Interrogée sur la possibilité d’un cumul des qualifications d’escroquerie et de faux et usage de faux, la chambre criminelle rappelle sa jurisprudence constante selon laquelle le cumul de qualifications est possible dès lors que les valeurs ou intérêts protégés par les textes d’incrimination sont distincts (voir par ex. cass., crim., 3 mars 1960).

En l’espèce une personne avait imité la signature de sa mère et fourni les coordonnées bancaires de celle-ci afin de contracter un crédit à la consommation, divers abonnements (téléphonie, EDF-GDF) et un contrat d’assurance automobile. Condamnée des chefs d’escroquerie et de faux et usage de faux, la prévenue formait un pourvoi en cassation soulevant notamment le moyen tiré de l’impossibilité pour un même fait, autrement qualifié, d’entraîner une double déclaration de culpabilité.
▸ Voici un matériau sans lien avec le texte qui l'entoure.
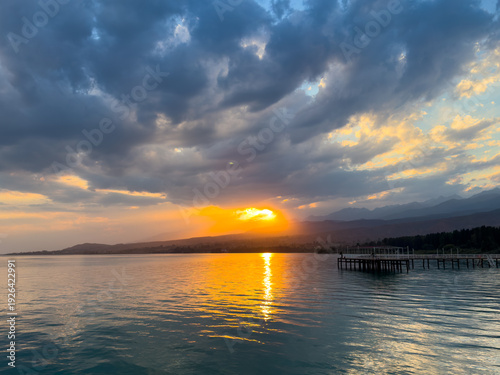 Wallpaper Mural Sunset at Issyk Kul Lake in Kyrgyzstan. Bright sun breaking through clouds reflecting in clear turquoise water. Torontodigital.ca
Sur le fondement du principe non bis in idem, interdisant de poursuivre une même personne deux fois pour les mêmes faits, la prévenue soutenait que la fausse signature n’était qu’un élément constitutif du délit d’escroquerie et ne pouvait dès lors être constitutive en sus du délit de faux. La chambre criminelle ne retient pas cette interprétation, réaffirmant la distinction traditionnellement opérée sur le fondement des intérêts protégés et validée par la CEDH (Oliveira c/ Suisse, 30 juillet 1998, §22).

Lorsqu’une même valeur sociale est protégée par les deux textes entrant en concours, une seule qualification pénale pourra être retenue (par exemple l’homicide volontaire et l’empoisonnement qui portent tout deux atteinte à la vie). Cependant, lorsque les qualifications concurrentes protègent des valeurs sociales ou des intérêts distincts, il sera possible de retenir autant d’infractions que de valeurs sociales atteintes.
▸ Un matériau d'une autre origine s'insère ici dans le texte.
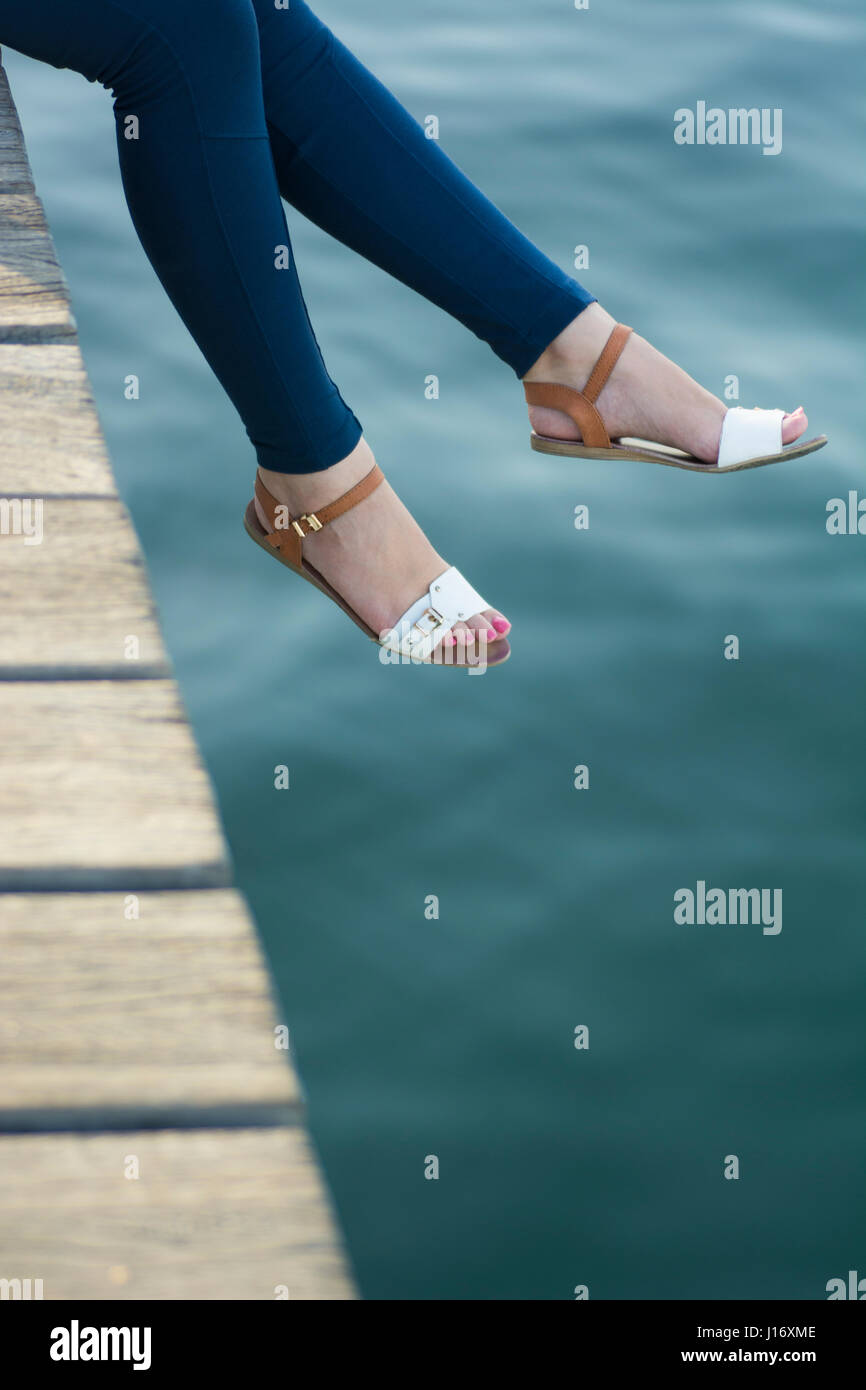 Nahaufnahme einer Frau Beinen saß auf dem Kai am Meer Stockfoto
En l’espèce, le délit d’escroquerie sanctionne l’atteinte portée à la propriété d’autrui tandis que le délit de faux sanctionne les atteintes à la confiance publique, les valeurs protégées étant distinctes la chambre criminelle en conclu que la prévenue pouvait être déclarée coupable des deux chefs de prévention.

Il est nécessaire de rappeler que si le cumul de qualifications est dans certains cas possible, il est en revanche prohibé de cumuler les peines correctionnelles et criminelles de même nature. Ainsi, la peine d’emprisonnement encourue par la prévenue ne pouvait être supérieure au maximum prévu pour l’une ou l’autre des infractions, soit le maximum de 5 ans d’emprisonnement prévu pour le délit d’escroquerie.

Le cas d’espèce concernant une escroquerie commise par une personne à l’encontre de sa mère, l’immunité familiale prévue pour le délit de vol (art. 311-12 C. pénal) et applicable à l’escroquerie (art. 313-3 C. pénal) aurait pu être soulevée, rendant a priori les poursuites pour escroquerie impossibles en l’espèce.